Dicho lo cual entro de lleno en el objeto de esta columna. Manifestar mi estupor por las recientes declaraciones de la Presidenta de la República en el sentido de que el bienestar de los trabajadores argentinos no depende de la acción sindical ni de las huelgas, sino de la Macroeconomía.

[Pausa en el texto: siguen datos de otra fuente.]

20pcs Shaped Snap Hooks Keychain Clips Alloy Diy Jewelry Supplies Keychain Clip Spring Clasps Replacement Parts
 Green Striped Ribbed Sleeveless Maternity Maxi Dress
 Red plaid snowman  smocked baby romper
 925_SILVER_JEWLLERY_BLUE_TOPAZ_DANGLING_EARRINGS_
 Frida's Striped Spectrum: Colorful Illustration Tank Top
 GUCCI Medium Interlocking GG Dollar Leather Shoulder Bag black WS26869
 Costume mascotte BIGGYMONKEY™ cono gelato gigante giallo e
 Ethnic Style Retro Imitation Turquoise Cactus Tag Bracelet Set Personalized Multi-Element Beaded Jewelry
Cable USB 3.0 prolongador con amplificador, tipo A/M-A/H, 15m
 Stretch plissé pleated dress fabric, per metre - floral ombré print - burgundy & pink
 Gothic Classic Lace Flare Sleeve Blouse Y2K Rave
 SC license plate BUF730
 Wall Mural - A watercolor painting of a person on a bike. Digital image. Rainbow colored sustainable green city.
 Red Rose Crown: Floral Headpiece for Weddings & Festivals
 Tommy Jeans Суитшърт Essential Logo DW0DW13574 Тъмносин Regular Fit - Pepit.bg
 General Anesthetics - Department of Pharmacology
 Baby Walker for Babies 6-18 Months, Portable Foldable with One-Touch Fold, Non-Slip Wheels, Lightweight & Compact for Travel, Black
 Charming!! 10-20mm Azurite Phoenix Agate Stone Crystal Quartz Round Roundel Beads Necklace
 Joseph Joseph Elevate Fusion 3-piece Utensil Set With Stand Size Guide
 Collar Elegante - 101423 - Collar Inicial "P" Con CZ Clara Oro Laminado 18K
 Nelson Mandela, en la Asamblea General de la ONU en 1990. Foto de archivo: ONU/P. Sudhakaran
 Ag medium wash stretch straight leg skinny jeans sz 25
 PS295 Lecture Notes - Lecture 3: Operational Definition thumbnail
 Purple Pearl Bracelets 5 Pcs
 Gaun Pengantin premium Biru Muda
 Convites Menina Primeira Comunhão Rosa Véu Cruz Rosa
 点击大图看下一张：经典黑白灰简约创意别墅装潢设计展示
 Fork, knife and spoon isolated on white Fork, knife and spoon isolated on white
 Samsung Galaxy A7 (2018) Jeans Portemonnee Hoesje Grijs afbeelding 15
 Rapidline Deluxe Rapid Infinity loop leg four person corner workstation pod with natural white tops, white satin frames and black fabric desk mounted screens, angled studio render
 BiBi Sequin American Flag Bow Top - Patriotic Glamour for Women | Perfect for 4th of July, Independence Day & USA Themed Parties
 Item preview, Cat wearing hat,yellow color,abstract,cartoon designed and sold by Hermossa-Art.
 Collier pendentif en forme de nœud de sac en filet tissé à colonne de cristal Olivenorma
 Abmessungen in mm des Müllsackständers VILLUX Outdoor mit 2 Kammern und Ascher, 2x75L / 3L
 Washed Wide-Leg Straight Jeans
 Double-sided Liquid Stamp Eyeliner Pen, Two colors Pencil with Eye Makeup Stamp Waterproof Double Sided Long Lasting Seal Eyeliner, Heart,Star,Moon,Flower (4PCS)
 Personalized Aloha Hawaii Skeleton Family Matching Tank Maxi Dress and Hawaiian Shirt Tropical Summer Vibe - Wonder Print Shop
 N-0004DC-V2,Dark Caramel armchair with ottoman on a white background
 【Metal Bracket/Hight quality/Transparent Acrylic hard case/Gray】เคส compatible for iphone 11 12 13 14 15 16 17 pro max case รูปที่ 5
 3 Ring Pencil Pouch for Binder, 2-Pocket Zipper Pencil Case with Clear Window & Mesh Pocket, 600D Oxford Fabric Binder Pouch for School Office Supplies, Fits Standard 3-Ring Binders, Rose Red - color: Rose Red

Si bien resultan habituales las descalificaciones dirigidas globalmente a la dirigencia sindical, basadas en el enriquecimiento de algunos, en el manejo poco transparente de los fondos y en la connivencia de esos mismos con gobiernos y patronales, nunca había escuchado un ataque tan frontal, diría que feroz, al derecho fundamental de huelga.
Al poner a
la macroeconomía por encima de la huelga, doña Cristina Fernández de Kirchner
ha superado en imaginación y audacia antisindical a la mismísima Margaret
Thatcher que en los años 80 llevó una implacable ofensiva contra los sindicatos
ingleses.
Pero hay que
reconocer que, en este como en muchos otros temas, la Presidenta puede exhibir
antecedentes de raigambre insospechadamente peronista: En 1949, con ocasión de
la reforma constitucional impulsada por el Presidente Juan Domingo Perón, los
convencionales fieles a su doctrina sostuvieron que no hacía falta instalar en
nuestra Carta Magna el derecho de huelga, pues los derechos obreros estaban bien
y suficientemente defendidos desde la Casa Rosada.
Adviértase
que, al emparentarse con esta tradición, doña Cristina ha tenido la modestia de
elegir a la Macroeconomía, y no a Ella ni a El, como la dispensadora de buenas
condiciones de trabajo.
Permítanme
expresar aquí mi discrepancia intelectual con la doctrina oficial. La libertad
sindical y el derecho de huelga son instrumentos fundamentales al servicio de
la democracia, de las libertades y del bienestar. Por mucho que, en
determinados momentos, algunos puedan abusar de su ejercicio. Este Gobierno, que comenzó anunciando que reconocería a la Central de Trabajadores de la Argentina, que desarmó al Estado frente a las huelgas abusivas en los servicios esenciales, y que se declaró contrario a criminalizar la protesta, termina dividiendo a la CTA, negándole personería gremial, aprobando una ley antiterrorista que amenaza las huelgas, y endiosando a la Macroeconomía en demérito de la autonomía obrera.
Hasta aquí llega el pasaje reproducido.